The lawyers, executives, scientists, cleaners, and more lawyers stared at Krump with a collective "Grrrr!" and then looked towards the Auditor. The Auditor hemmed and hawed (Krump had really hashed his moment) and reluctantly produced a list. A bunch of genetically altered jellyfish, some mutant slime mold, a batch of liposuctioned belly fat, genetic samples from a local sci-fi fan club (i.e. geeks), sperm donations from psychopathic mentally-challenged sex offenders, and a garden slug that the Idiot Supervisor found underneath his shoe; plus some experimental growth hormone and several hundred gallons of Axe Body Spray some college boys brought to the lab as a prank.
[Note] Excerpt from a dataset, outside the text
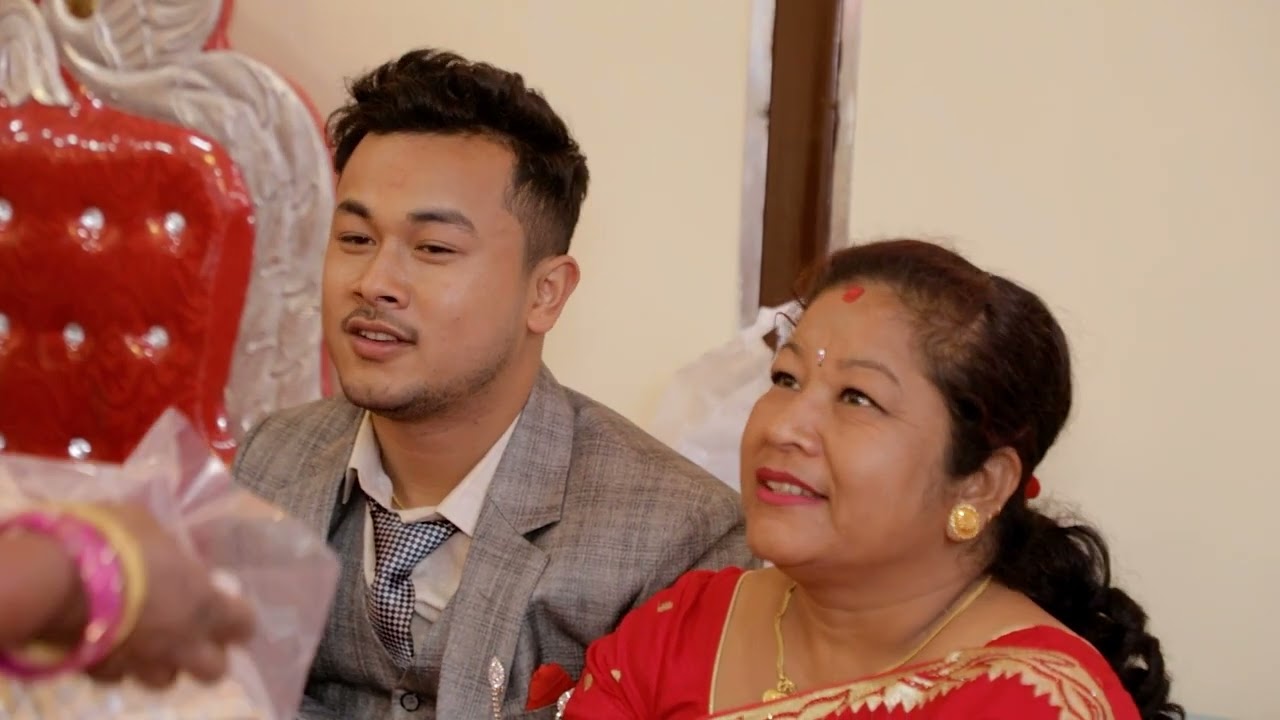 BASANTA WEDS RONISHA || RECEPTION DAY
"Does that answer your question Mr. Krump?"
"Yes, Idiot Supervisor?"
"Uh, yeah. I suggest we pump some radioactive iodine into the sewer to track the shit."
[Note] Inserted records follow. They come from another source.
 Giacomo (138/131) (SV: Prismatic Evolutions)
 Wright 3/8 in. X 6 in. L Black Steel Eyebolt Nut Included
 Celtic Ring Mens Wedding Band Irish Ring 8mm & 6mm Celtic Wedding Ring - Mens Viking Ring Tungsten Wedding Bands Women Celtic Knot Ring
"Good idea Idiot Supervisor!" said the executives. "That's a Strassberg for ya!"
"Ahem!" ahemed Herman.
"Grrr. Yes, Krump?" growled the executives.
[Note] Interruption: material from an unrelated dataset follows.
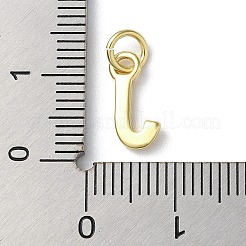 Rack Plating Brass Charms&nbsp;KK-P245-06G-J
"Isn't that a little dangerous? Who knows how some of that shit might react to the iodine?"
"Ha! Ha! Ha! Ha!" laughed the lawyers, executives, scientists, cleaners, and more lawyers in unison. "It's perfectly harmless. Don't worry. There won't be any oversized irradiated slime monsters made from mutant jellyfish, slime mold, geeks, retarded sex offenders, garden slugs, and cranked up on growth hormone and Axe Body Spray running loose in the sewer. Pour the iodine!"
No one could have predicted that these events would have a profound effect on the life of one, Eve Underwood. Actually, they were predictable but what can you say? With the possible exception of Herman Krump, everyone was an idiot.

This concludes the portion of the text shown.